Proofreading Tuesday's post in the wee hours, I came to the end:
Far as I know, which isn't far, I admit, the cause of the 1955-57 inflation was never discovered.
That kind of thing bothers me. I'd prefer to know. Then I remembered Steve Waldman's comment:
We have just one big boom to look at.
"Big boom," I thought. "Little boom". I should use "little boom" in a search. So I did, at Google Search:
the "little boom" in the "Labor Force Participation Rate" in "1955"
Ten results.
Searching the page coincidentally turned up 10 occurrences of "1955".
Nine of them are in phone numbers. The other one was in my search text.
Hey -- that means one of the ten hits Google turned up might be worth checking.
Nope. It redirects to some place I don't want to be.
So, no news. I still don't know if the cause of the 1955-57 inflation was ever found. Except, of course, I found it now.

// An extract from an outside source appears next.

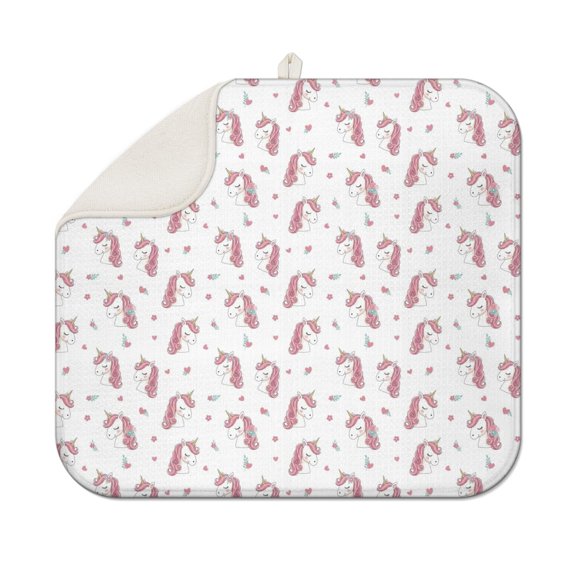 White Cartoon Unicorn Face Pattern Dish Drying Mat for Kitchen 1 Pack, Ultra Absorbent Microfiber Dishes Drainer Mats,16"x18"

Would I rather have found the cause to be cost pressure caused by the growth of finance?
That
*is* what my guess would have been. On 7 April I was still looking at financial cost-push in the years before 1965. That post was withdrawn because one of my graphs was bad. But there is a big difference in financial cost as you go from 1955 to 1965. I still think the growing cost of finance was the small problem that created cost issues which look like "conflict" inflation. I still think it was growing financial cost that got the Great Inflation started.
But if the 1955-57 inflation was not caused by the cost of finance, that's probably good. It would mean that finance was not already too big in the 1950s, and that would be a useful thing to know.
1 comment:
It occurs to me that the Sweet Spot, occurring as it does in the early 1960s, falls appropriately between the mid-1950s when finance was not already too big, and the mid-60s when finance was already too big.